_Work item:_ Using the listing below, set down exactly the lines from the one that contains "Rote, grüne und" through the one that contains "Cyan Glitch Skull", with no pictures.

_Provided material:_
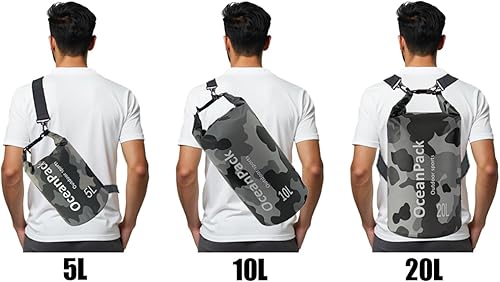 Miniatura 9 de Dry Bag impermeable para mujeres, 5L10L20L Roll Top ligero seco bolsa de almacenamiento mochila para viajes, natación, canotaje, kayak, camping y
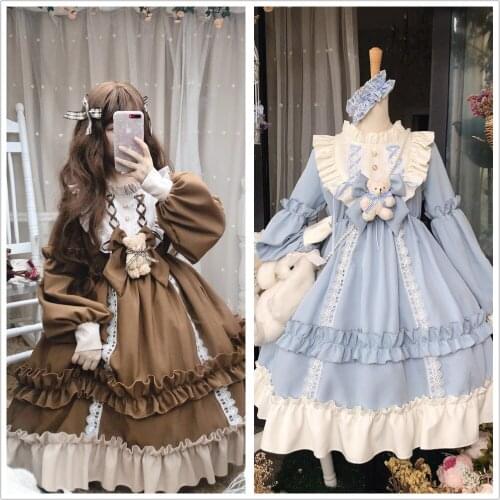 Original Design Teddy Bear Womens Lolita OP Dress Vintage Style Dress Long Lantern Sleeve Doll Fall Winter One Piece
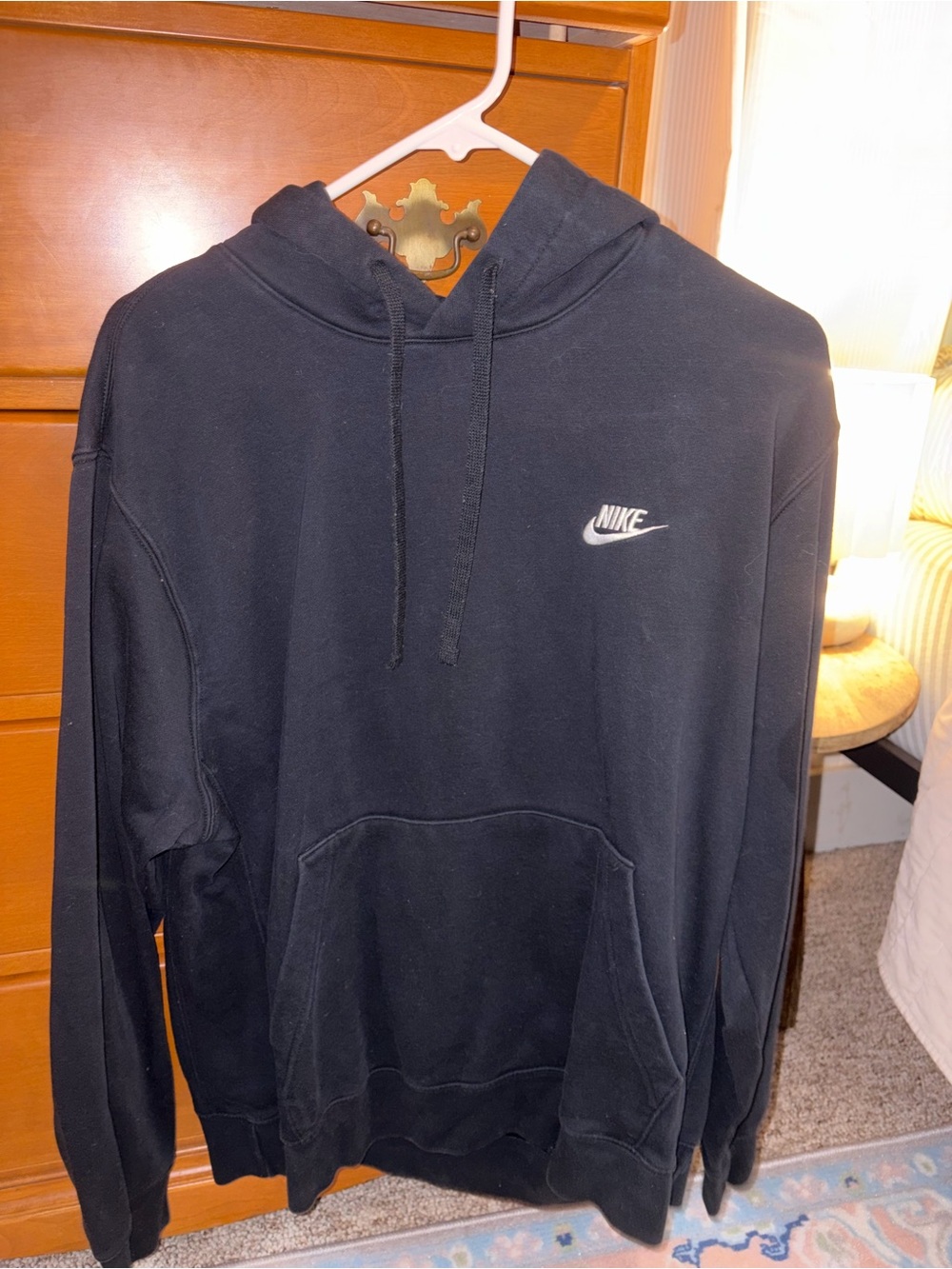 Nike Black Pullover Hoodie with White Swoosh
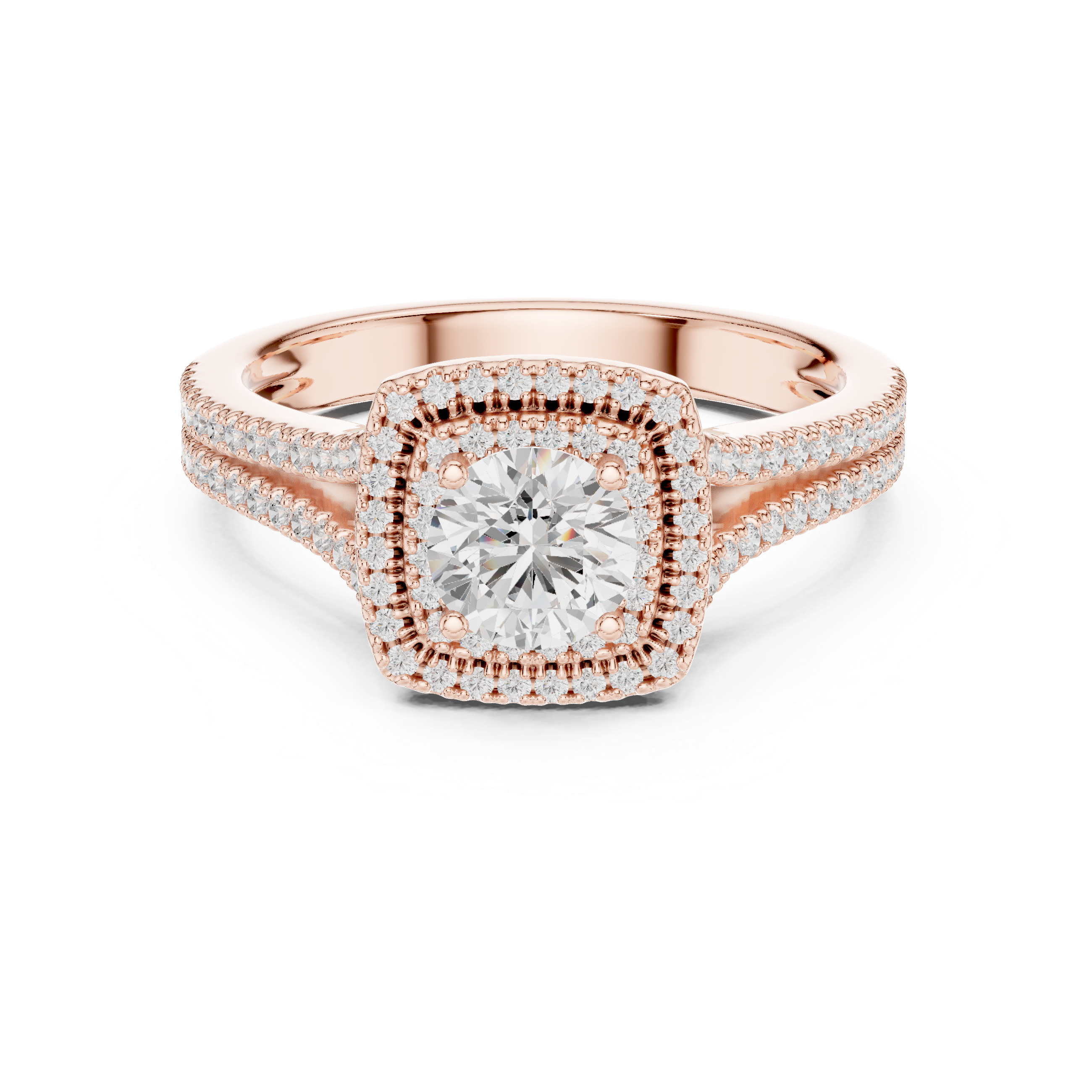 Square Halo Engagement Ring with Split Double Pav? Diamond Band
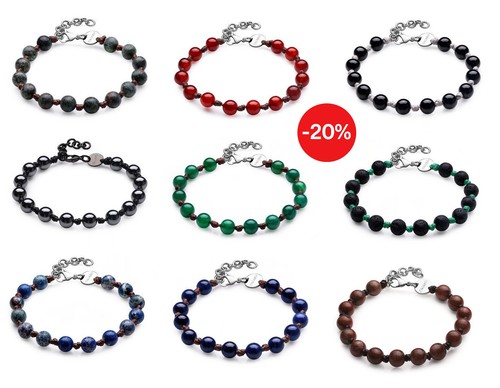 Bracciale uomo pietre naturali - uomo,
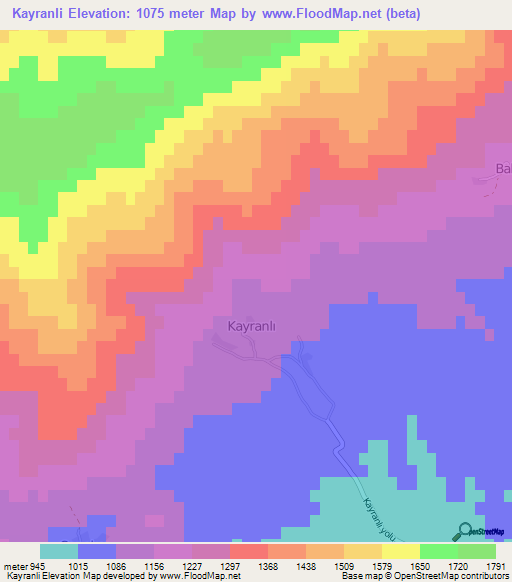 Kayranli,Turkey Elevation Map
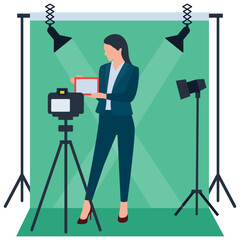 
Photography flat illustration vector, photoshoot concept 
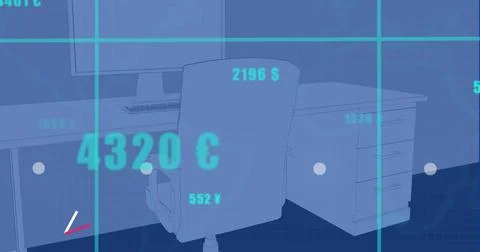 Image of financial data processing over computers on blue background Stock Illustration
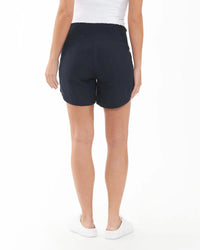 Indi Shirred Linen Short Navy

* * *

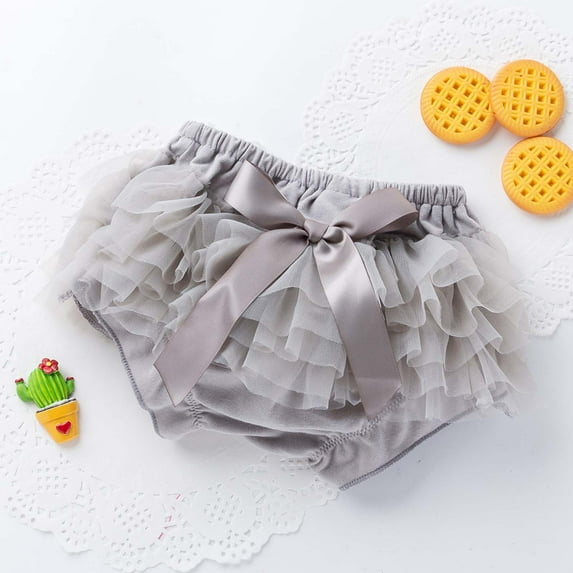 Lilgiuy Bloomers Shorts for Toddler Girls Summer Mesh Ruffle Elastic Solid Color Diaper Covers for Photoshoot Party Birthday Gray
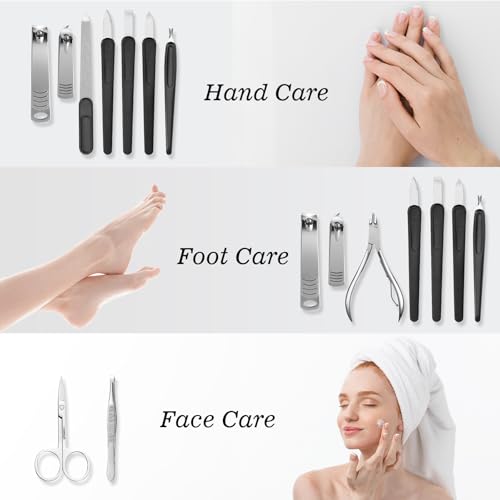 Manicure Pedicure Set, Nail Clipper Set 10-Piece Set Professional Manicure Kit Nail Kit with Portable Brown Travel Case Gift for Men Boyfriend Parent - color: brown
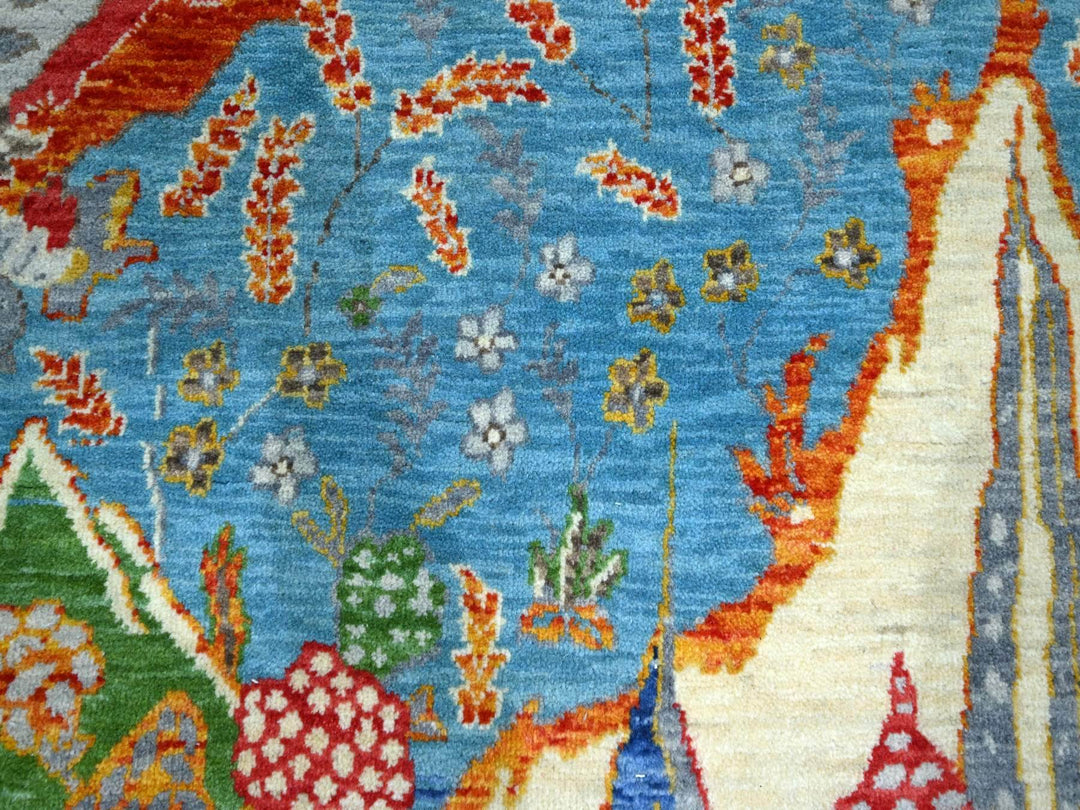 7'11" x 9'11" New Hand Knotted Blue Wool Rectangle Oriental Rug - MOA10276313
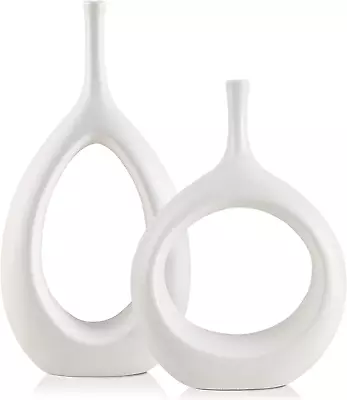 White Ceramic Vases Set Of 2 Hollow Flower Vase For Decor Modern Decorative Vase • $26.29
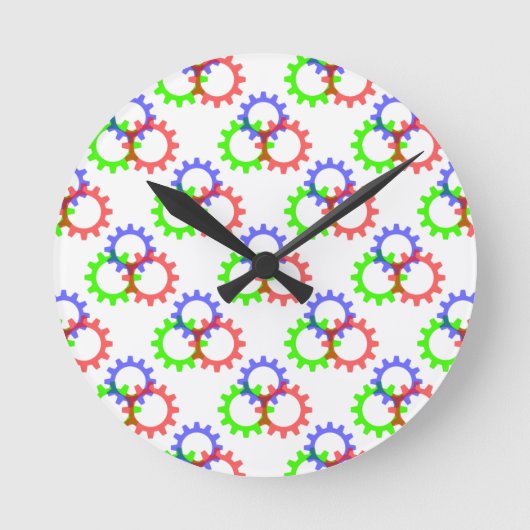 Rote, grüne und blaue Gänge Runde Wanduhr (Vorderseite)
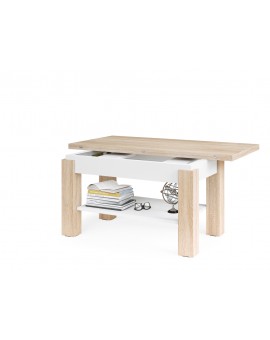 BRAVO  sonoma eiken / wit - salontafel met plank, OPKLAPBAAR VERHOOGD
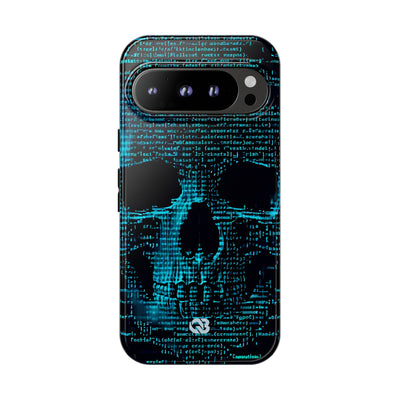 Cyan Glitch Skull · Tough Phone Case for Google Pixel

==

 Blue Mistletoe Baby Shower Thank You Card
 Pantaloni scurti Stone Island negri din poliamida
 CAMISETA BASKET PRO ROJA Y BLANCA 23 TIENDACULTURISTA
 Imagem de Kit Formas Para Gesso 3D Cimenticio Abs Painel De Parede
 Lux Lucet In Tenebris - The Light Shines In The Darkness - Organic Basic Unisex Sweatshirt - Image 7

_Problem solution:_
 Rote, grüne und blaue Gänge Runde Wanduhr (Vorderseite)
 BRAVO  sonoma eiken / wit - salontafel met plank, OPKLAPBAAR VERHOOGD
 Cyan Glitch Skull · Tough Phone Case for Google Pixel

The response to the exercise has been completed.